Many thanks once again. I think i've rather done this one to death for a while, so I'd better return to my essay - in English this time - on Huis clos!
Rex


----------



## LV4-26

Rex,

Article omission _is_ possible in some cases. But not everywhere and not really in your sentence. But you could definitely say something like :
_Cette rue est en perpétuelle effervescence. Promeneurs, journalistes, cadres et employés s'y côtoient dans une grande agitation._ 
I couldn't really explain why article omission doesn't work in your sentence, though. Maybe one reason is the use of the passive voice. And maybe the nouns without an article have to be the subjects of the sentence...


----------



## Cath.S.

LV4-26 said:
			
		

> Rex,
> 
> Article omission _is_ possible in some cases. But not everywhere and not really in your sentence. But you could definitely say something like :
> _Cette rue est en perpétuelle effervescence. Promeneurs, journalistes, cadres et employés s'y côtoient dans une grande agitation._
> I couldn't really explain why article omission doesn't work in your sentence, though. Maybe one reason is the use of the passive voice. And maybe the nouns without an article have to be the subjects of the sentence...
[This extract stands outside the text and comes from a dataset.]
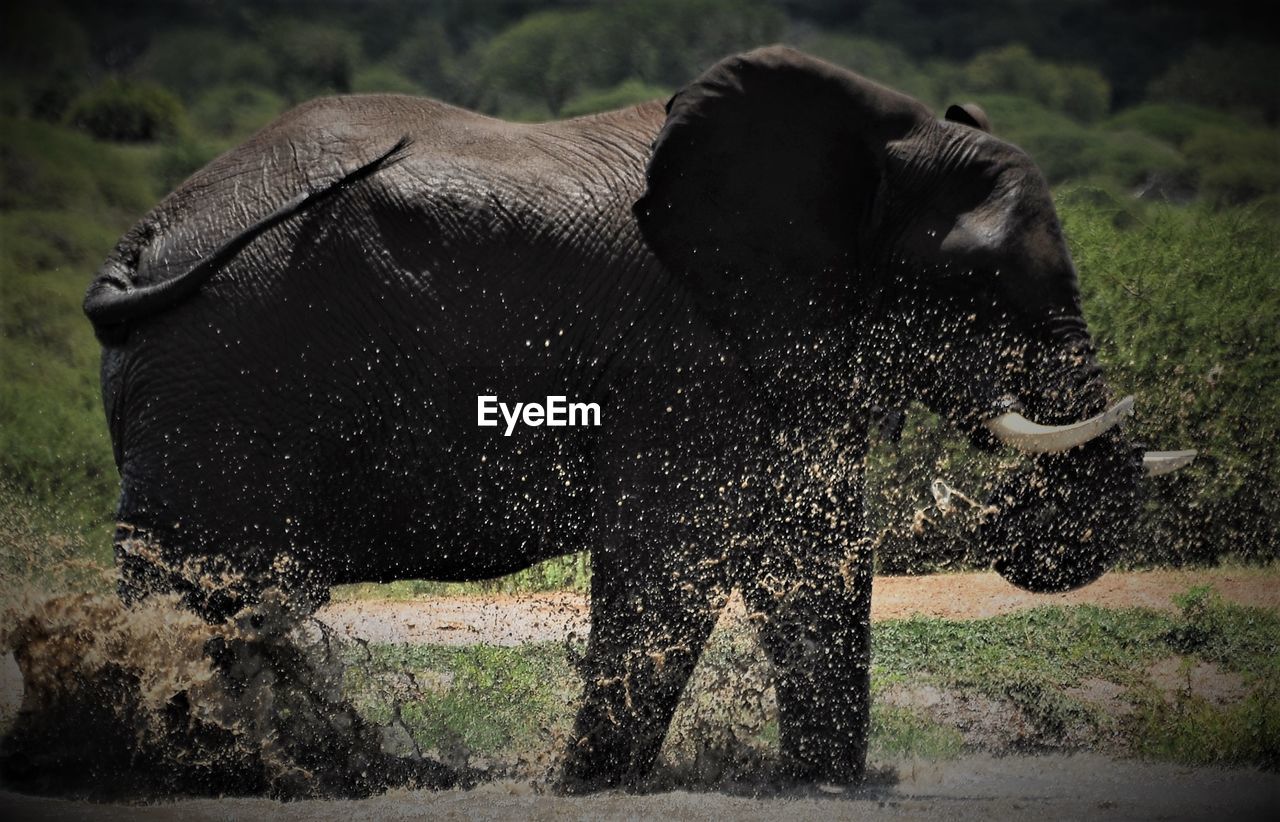 ELEPHANT IN FIELD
I think it's the use of the passive voice that makes it impossible, not the fact that it's the subject, since you could write:
_Par la fenêtre du train, elle voyait défiler champs, villages, ponts et riviières._


----------



## Rex

Many thanks LV4. This is my first experience with the forum and I must say I am so impressed with the number of friendly people coming to my aid.
Weighing up all the replies, I'm inclined to put all the articles in, rather than run the risk of leaving some out which should be in. What you say about being the subject also seems to gel with the various literary quotes in Grevisse etc., while it seems one may leave them out in genuine lists, like shopping etc.
Thanks once again
Rex


----------



## la grive solitaire

I keep going back to vibrer... 

Cette rue/esplanade vibre sous le pas des promeneurs, etc. ?


----------



## Cath.S.

la grive solitaire said:
			
		

> I keep going back to vibrer...
> 
> Cette rue/esplanade vibre sous le pas des promeneurs, etc. ?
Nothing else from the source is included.